The sound, fury and general belligerence pouring out of North Korea in the direction of Washington will intensify this week with the start of a month-long joint military exercise between the United States and Seoul.

Pyongyang, engaged in a campaign to bamboozle the Americans into direct bilateral talks, provided a foretaste yesterday by accusing the US of staging massive war games to prepare for an attack on the Communist state.

Nuclear war could erupt on the Korean peninsula "at any moment", and North Korea would take "a self-defensive measure when it thinks that a US pre-emptive attack is imminent," said its official news agency, KCNA. It also accused the US of stepping up spy flights in readiness for war, saying that there were more than 180 cases of "aerial espionage" in February.

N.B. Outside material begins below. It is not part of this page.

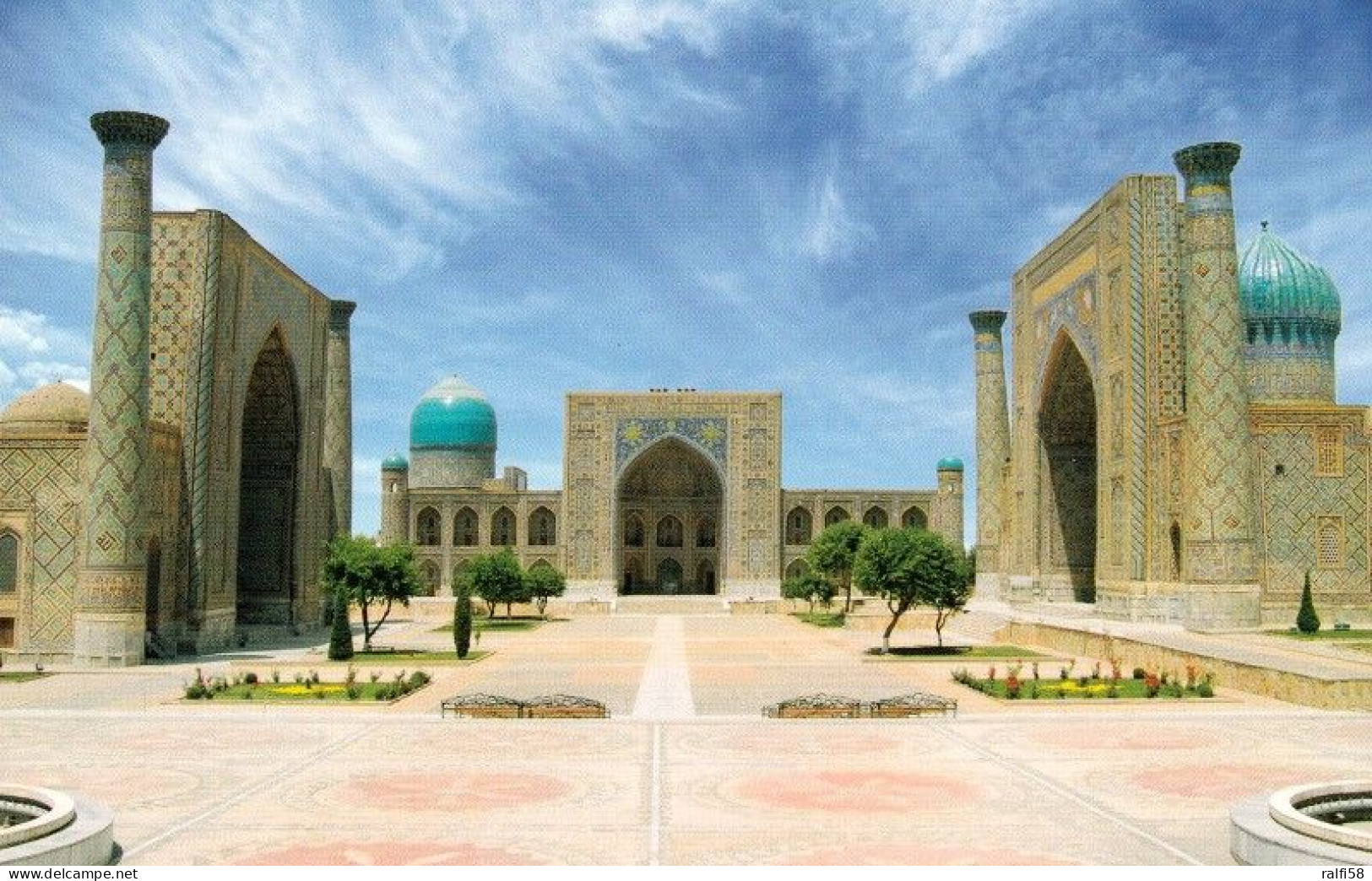 1 AK Usbekistan * Registan Platz In Samarkand - Ulugh-Beg-Madrasa - Sher-Dor-Madrasa - Tilla-Kori-Madrasa - UNESCO Erbe - Uzbekistan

The US military command in South Korea, where there are 37,000 American troops, said the joint military exercise – "Foal Eagle", due to begin on Tuesday – was unrelated to the dispute with Pyongyang. This exercise will overlap with a second planned for later in the month. Both are "defence-orientated", said a spokesman.

The US has repeatedly said it has no plans to invade North Korea, which has a large arsenal of weapons trained on the South – home to 47million people. But the US has resisted demands for direct talks, saying it will not be blackmailed by nuclear threats.

This edginess has been increased by concerns over North Korea's missile development programme. The Americans believe it has a three-stage Taepodong-2 missile which can reach the US west coast. A senior Japanese official was yesterday quoted saying that the North may soon test-fire a Taepodong ballistic missile by shooting it into the sea. His comments came after a Japanese newspaper reported that Pyongyang tested a rocket booster last month. North Korea fired a multi-stage Taepodong missile over Japan's main island in 1998, triggering widespread alarm.

The stand-off worsened when the Americans concluded that Pyongyang had carried out a threat to turn on an atomic reactor. The North Koreans said it will be used to generate electricity, but US intelligence believes that in the past it has produced enough weapons-grade plutonium for one nuclear warhead.

US officials have also said that North Korean scientists are preparing to fire up a plutonium reprocessing plant.